*** DATA EXTRACT ***

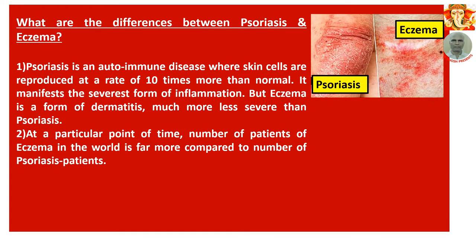What is the difference between psoriasis and eczema? Images of both have been shown on the right-hand side. Number 1: Psoriasis is an autoimmune disease where skin cells are reproduced at a rate 10 times more than normal, manifesting the severest form of inflammation. Eczema, on the other hand, is a form of dermatitis — much less severe than psoriasis. Number 2: At any given point in time, the number of eczema patients in the world is far greater — eczema is more rampant compared to psoriasis.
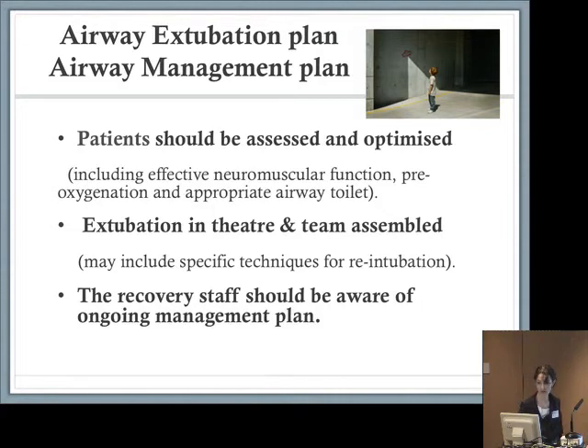Looking to the future — planning ahead and improving our airway extubation and management plans is extremely important, and it's simple things that matter. I started writing a brief airway plan next to my recovery instructions on oxygenation, analgesia, and fluids. Patients should all be assessed and optimised, including effective neuromuscular function, pre-oxygenation, and appropriate airway toilet. Extubation should take place in theatre with the team assembled and may include specific techniques for re-intubation. If you've used a McCoy laryngoscope and a bougie, take it through to recovery with you, and tell the staff about your ongoing management plan.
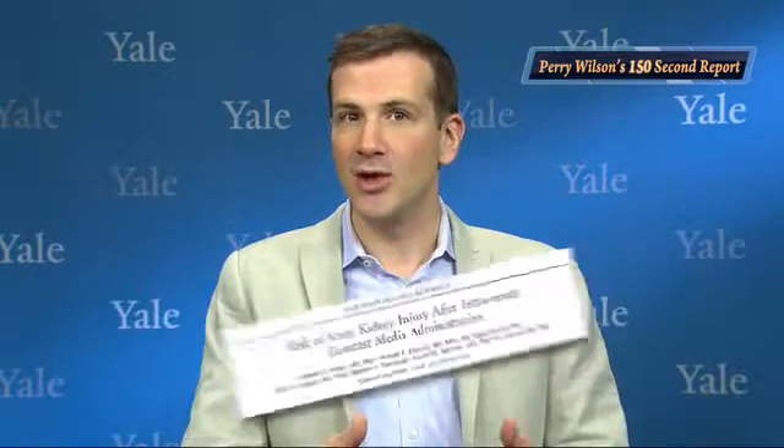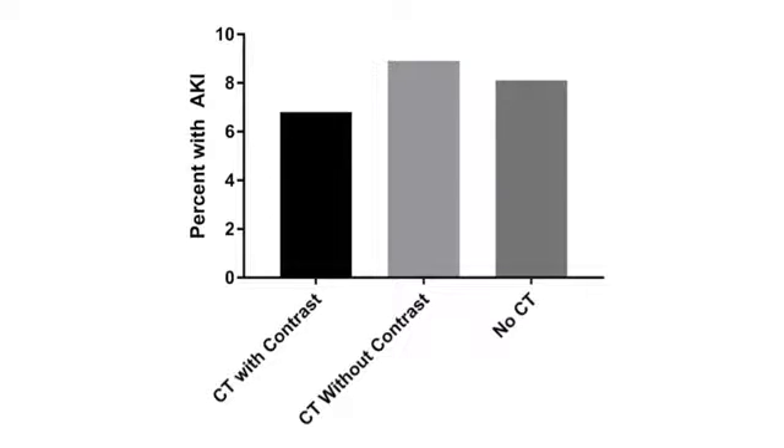Now a growing body of papers, including this one appearing in the Annals of Emergency Medicine, have brought contrast's role in the development of AKI into question. This was a single-center study that examined 16,801 patients seen in the emergency department who had two creatinine values measured 48 hours apart. About 40% got a CT scan with contrast, 30% a CT scan without contrast, and 30% got no CT scan at all. Rates of AKI ranged from 7 to 9%, with the highest frequency in the non-contrast group, followed by the no-CT group, then those who got a CT with contrast.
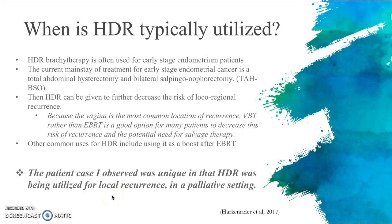HDR brachytherapy is often used for early stage endometrial cancer patients. The current mainstay of treatment for early stage endometrial cancer is a total abdominal hysterectomy and a bilateral salpingo-oophorectomy. HDR can then be given to further decrease the risk of local-regional recurrence. One study stated that the vagina was the most common location of recurrence, suggesting vaginal vault brachytherapy rather than external beam radiation therapy is a good option to decrease recurrence risk and the potential need for salvage therapy. It also gives patients fewer side effects and fewer treatment visits.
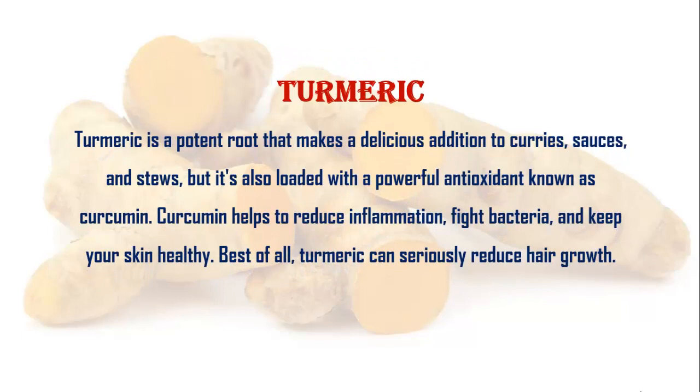Turmeric. Turmeric is a potent root that makes a delicious addition to curry, sauces, and stews. But it's also loaded with a powerful antioxidant known as curcumin. Curcumin helps to reduce inflammation, fight bacteria, and keep your skin healthy. Best of all, turmeric can seriously reduce hair growth.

*** End of DATA EXTRACT ***

ABOUT THIS EXERCISE → Reproduce the lines above, exactly and exclusively, from the line containing "HDR brachytherapy is" down to the last line, both included; pictures are not part of the copy.

WORKED SOLUTION →
HDR brachytherapy is often used for early stage endometrial cancer patients. The current mainstay of treatment for early stage endometrial cancer is a total abdominal hysterectomy and a bilateral salpingo-oophorectomy. HDR can then be given to further decrease the risk of local-regional recurrence. One study stated that the vagina was the most common location of recurrence, suggesting vaginal vault brachytherapy rather than external beam radiation therapy is a good option to decrease recurrence risk and the potential need for salvage therapy. It also gives patients fewer side effects and fewer treatment visits.
Turmeric. Turmeric is a potent root that makes a delicious addition to curry, sauces, and stews. But it's also loaded with a powerful antioxidant known as curcumin. Curcumin helps to reduce inflammation, fight bacteria, and keep your skin healthy. Best of all, turmeric can seriously reduce hair growth.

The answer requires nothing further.